W latach 536-537 na Ziemi zapanował półmrok i nadeszła mała epoka lodowcowa, twierdzi agencja UPI.
W większości krajów Europy i Azji wiosna zamieniła się w lato, a jesień ustąpiła miejsca zimie bez słonecznego dnia. Miliony ludzi w najbardziej zaludnionych częściach świata wdychały duszące powietrze, tracąc prawie każdą uprawę, od której zależało ich przetrwanie.
UPI przytacza rekonstrukcję historyka Uniwersytetu Harvarda Michaela McCormicka, który przypuszcza, że takie warunki mogły panować na Ziemi nawet przez dziesięciolecie.
– Wiosną 536 roku katastrofę wywołała erupcja wulkanu – twierdzi McCormick – dodając, że konsekwencje były druzgocące.

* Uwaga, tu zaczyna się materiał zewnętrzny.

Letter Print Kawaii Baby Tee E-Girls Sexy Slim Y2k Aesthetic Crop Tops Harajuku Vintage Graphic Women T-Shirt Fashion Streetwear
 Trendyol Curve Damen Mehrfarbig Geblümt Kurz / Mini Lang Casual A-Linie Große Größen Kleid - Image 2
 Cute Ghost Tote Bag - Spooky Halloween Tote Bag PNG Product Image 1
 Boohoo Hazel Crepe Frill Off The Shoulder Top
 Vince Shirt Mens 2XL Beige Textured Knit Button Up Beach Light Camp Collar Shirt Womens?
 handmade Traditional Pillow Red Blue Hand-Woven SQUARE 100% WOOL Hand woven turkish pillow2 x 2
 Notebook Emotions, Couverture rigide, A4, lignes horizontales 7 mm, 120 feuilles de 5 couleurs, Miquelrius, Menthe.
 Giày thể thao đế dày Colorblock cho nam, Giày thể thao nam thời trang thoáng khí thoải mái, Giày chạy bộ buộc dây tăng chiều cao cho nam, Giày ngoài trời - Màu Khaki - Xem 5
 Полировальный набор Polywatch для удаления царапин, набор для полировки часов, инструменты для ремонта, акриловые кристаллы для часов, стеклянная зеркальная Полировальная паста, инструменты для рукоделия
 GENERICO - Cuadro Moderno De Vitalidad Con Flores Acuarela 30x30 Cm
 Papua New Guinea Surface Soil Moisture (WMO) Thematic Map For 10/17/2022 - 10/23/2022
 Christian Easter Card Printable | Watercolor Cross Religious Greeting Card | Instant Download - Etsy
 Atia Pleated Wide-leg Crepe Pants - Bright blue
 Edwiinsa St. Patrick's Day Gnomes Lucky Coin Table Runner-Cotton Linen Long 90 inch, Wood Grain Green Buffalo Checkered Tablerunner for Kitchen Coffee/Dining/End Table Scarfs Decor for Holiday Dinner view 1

Pyły wulkaniczne zablokowały promieniowanie słoneczne, obniżając ogrzewanie powierzchni Ziemi przez słońce. Niebo pozostawało przyciemnione, przez co najmniej 18 miesięcy.
Na Bliskim Wschodzie, w Chinach i w Europie gęsta mgła była codziennością, wywołując powszechny głód.